St. Thomas Aquinas (1225 – 1274) underscored Aristotle’s conclusions about humor and amusement. Although with emphasis on the positive elements considered by the Greek philosopher. He compared sleep to laughter. He argued that while sleeping provides physical rest, laughing provides psychological rest. This priest also referred to the social benefits of laughter, relating it to play. He considered the game, fundamentally the play on words —the joke—, as virtuous as work. Virtuous and even divine. The divine nature of the game is another aspect of Aristotelian thought enriched by St. Thomas Aquinas. He did it in commentaries and books like Summa Theologica.

A related fact. St. Thomas Aquinas borders on exaggeration when it seems to criminalize seriousness. He deduces that a boring person, without the sensitivity to appreciate a good joke, is an irrational person. And in his system of ideas, the irrational leads to vice.

Parisian Voltaire (1694 – 1778), originally named François-Marie Arouet, was an advocate of laughter. He emphasized that joking doesn’t always mean making fun of others or putting others down. He stated in his Philosophical Dictionary that the child laughs innocently, unable to feel superior, without the intention of degrading those who amuse him.

Voltaire wants to dismantle the extreme according to which laughter springs from the sense of superiority and uses an anecdote from his childhood.

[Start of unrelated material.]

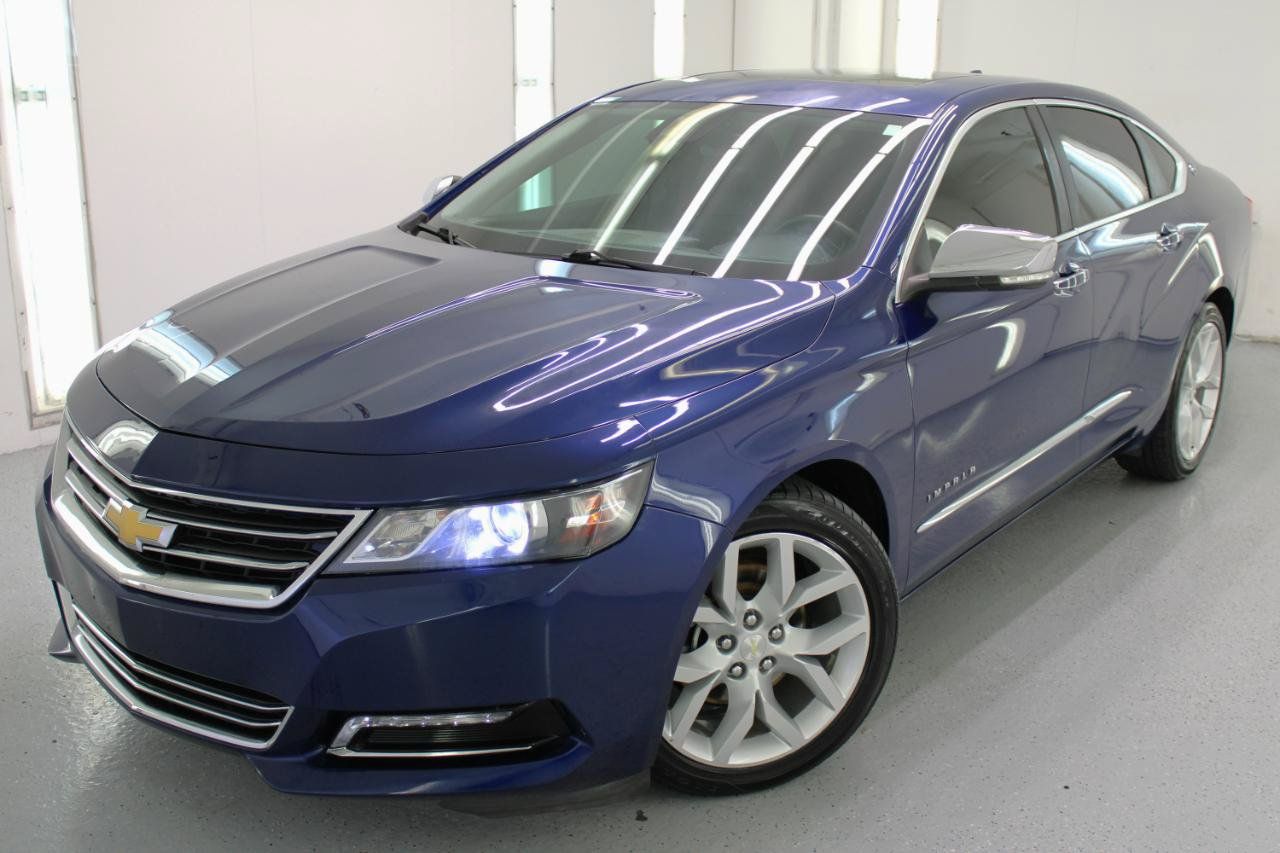 Used 2014 Chevrolet Impala LTZ FWD image 2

He relates that when he was eleven years old he read Molière’s Amphitryon, a text that made him laugh uncontrollably. «Did I laugh with arrogance?» He asks the readers. And he remembers that when they are alone, people do not laugh out of vanity.

Immanuel Kant (1724 – 1804) maintains that laughable situations usually start from absurdity or inconsistency, something for which the human brain is not sufficiently prepared. The sender’s joke is followed by a moment of useless concentration by the receiver. The tension to which the mind is subjected unleashes laughter. The brain spends a considerable amount of energy trying to explain the nonsense, and laughter relieves its exhaustion.

The Prussian philosopher summed up by assuring that laughter appears when the expected suddenly becomes nothing. A feeling of disbelief, of disappointed expectation, which instantly leads to comedy. This is the gunpowder that triggers laughter according to Kant, who develops his thesis in Critique of Judgment (1760).

Although Sigmund Freud (1856 – 1939) rejected philosophy in many of his writings and statements, his contribution is unquestionable. Despite not being commonly considered a philosopher, his thought feeds modern philosophy in several ways. This Austrian psychologist and thinker attributes to laughter the ability to free the body of negative energy.

His book Jokes and Their Relation to the Unconscious (1905) classifies jokes into two main groups: innocent and tendentious. In it, Freud examines the nature of the joke, attributing darkly emancipatory qualities to it. Through comedy, the comedian and his audience approach the forbidden without suffering consequences. Taboo topics related to sexuality or eschatology are aired with intimate satisfaction. The double entendre, the mockery, the libido, converge in the middle of the laughter. “Aggression and general hostilities about an ethnicity in a society can be freely expressed through the joke”.

As the title of the book indicates, the role of the unconscious repeats in this approach to Freud. Which characterizes most of his creation.

For Ludwig Wittgenstein (1889 – 1951), philosophy is a method of analysis closely linked to language, of which humor is an indivisible part. Some researchers consider him the founder of analytic philosophy. “Humor is not a mood but a way of looking at the world”: this is the beginning of a famous allusion by Wittgenstein to Nazi Germany, where political jokes were banned.

According to this Austrian philosopher, nationalized English, humor has the virtue of revealing that truth is an absurd concept in itself. Wittgenstein’s statement that a rigorous philosophical work should be structured with jokes is famous. The idea that one day everything will be known was very amusing to him.